* [Input data]
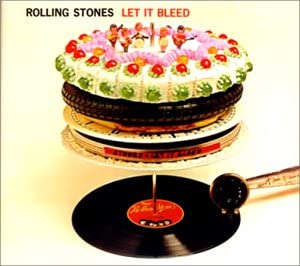 【中古】レット・イット・ブリード [CD]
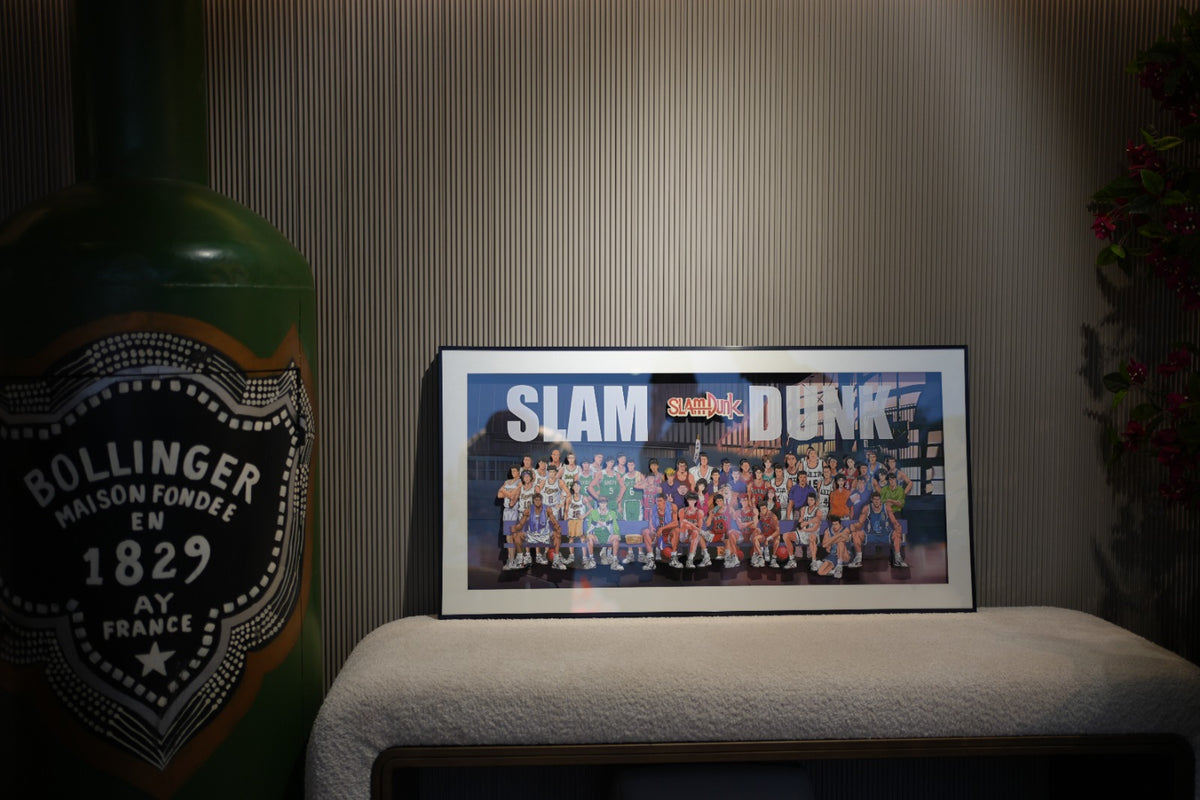 Slam Dunk Collector Edition SK-ANM-001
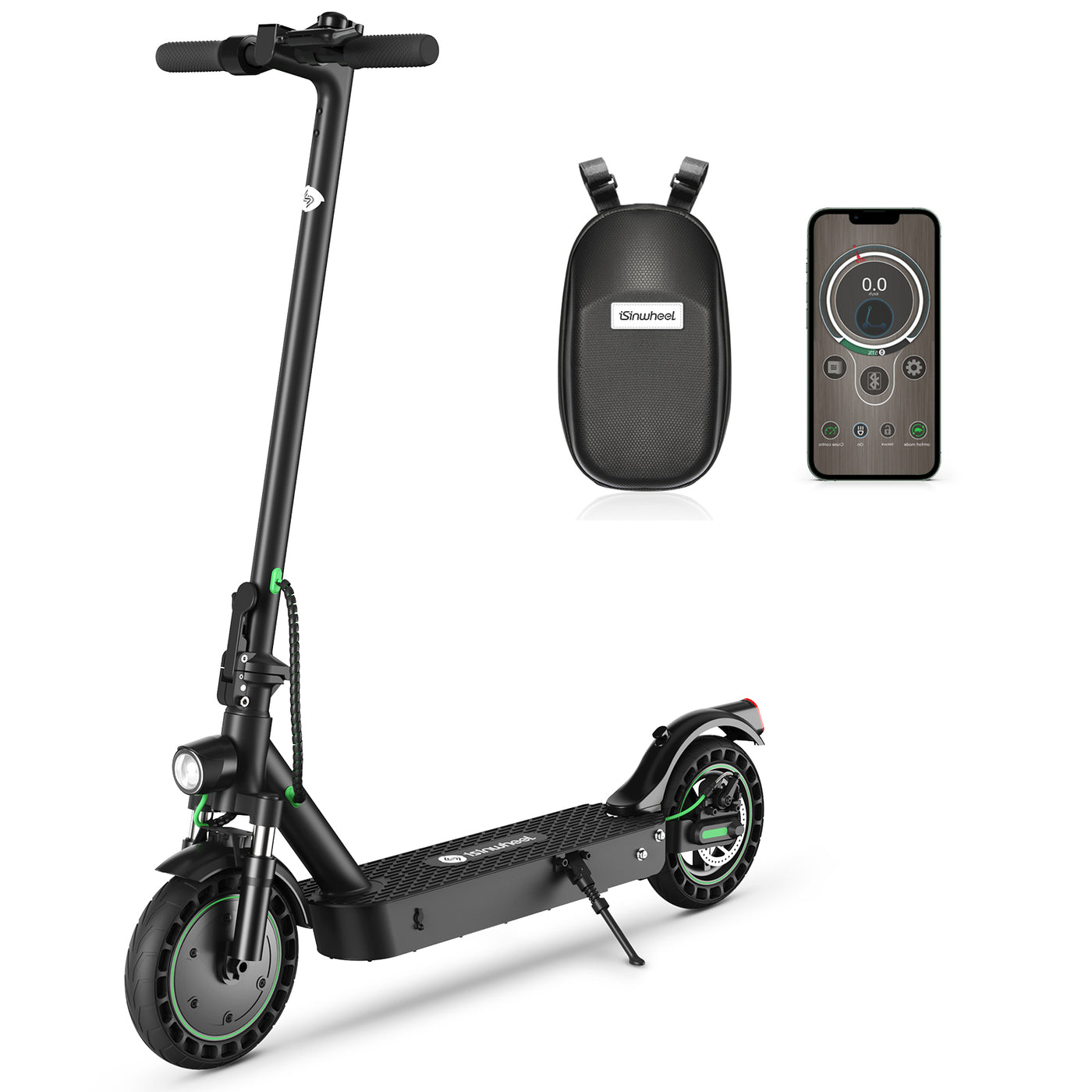 Trottinette électrique 800W : Le TOP 5 ! – Trot'Secure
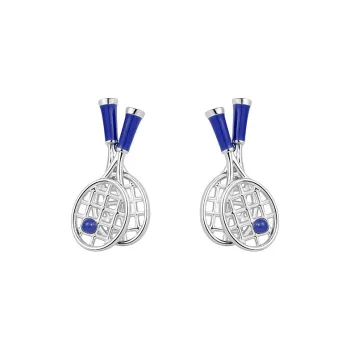 SHINE S925 Silver, Copper Stud Earrings Women's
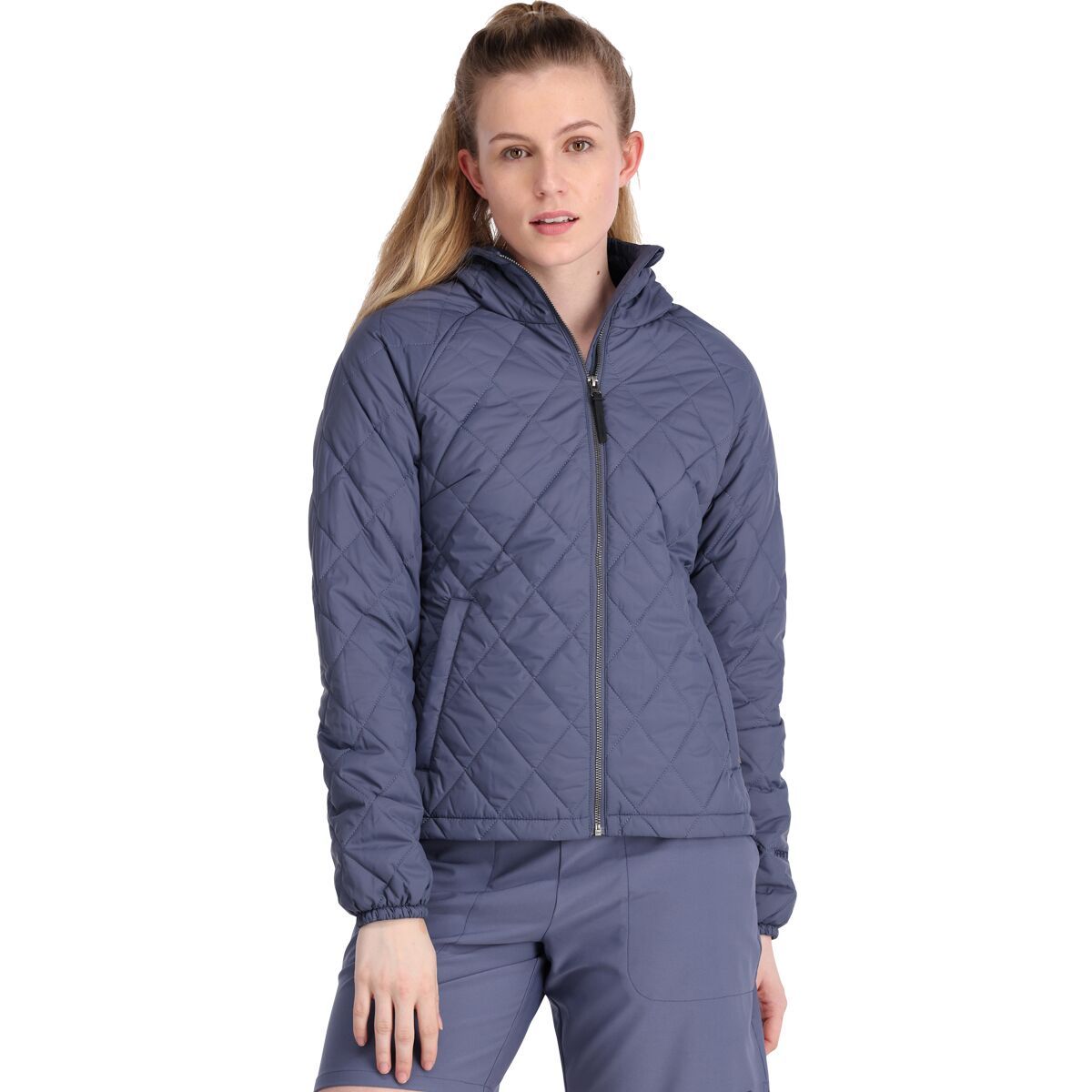 Backcountry Kari Traa Ruth Primaloft Insulator Jacket - Women's Moon, XL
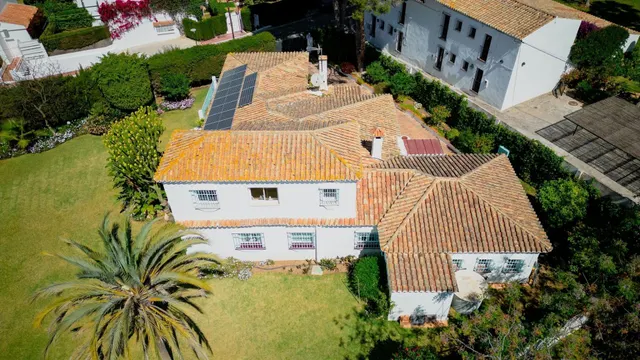 Villa en la playa de Cabopino!! Marbella — 22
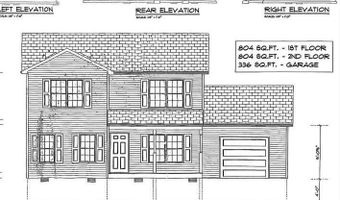 Lot 15 WEST PARKER DRIVE, Augusta, WV 26704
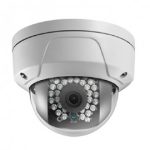 5MP WDR Fixed IR Dome Network Camera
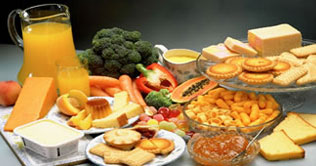 Balance diet useful for health: research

* [Task] All of the entries above need to be transcribed exactly, except for the pictures.

* [Solution to the exercise]
 【中古】レット・イット・ブリード [CD]
 Slam Dunk Collector Edition SK-ANM-001
 Trottinette électrique 800W : Le TOP 5 ! – Trot'Secure
 SHINE S925 Silver, Copper Stud Earrings Women's
 Backcountry Kari Traa Ruth Primaloft Insulator Jacket - Women's Moon, XL
 Villa en la playa de Cabopino!! Marbella — 22
 Lot 15 WEST PARKER DRIVE, Augusta, WV 26704
 5MP WDR Fixed IR Dome Network Camera
 Balance diet useful for health: research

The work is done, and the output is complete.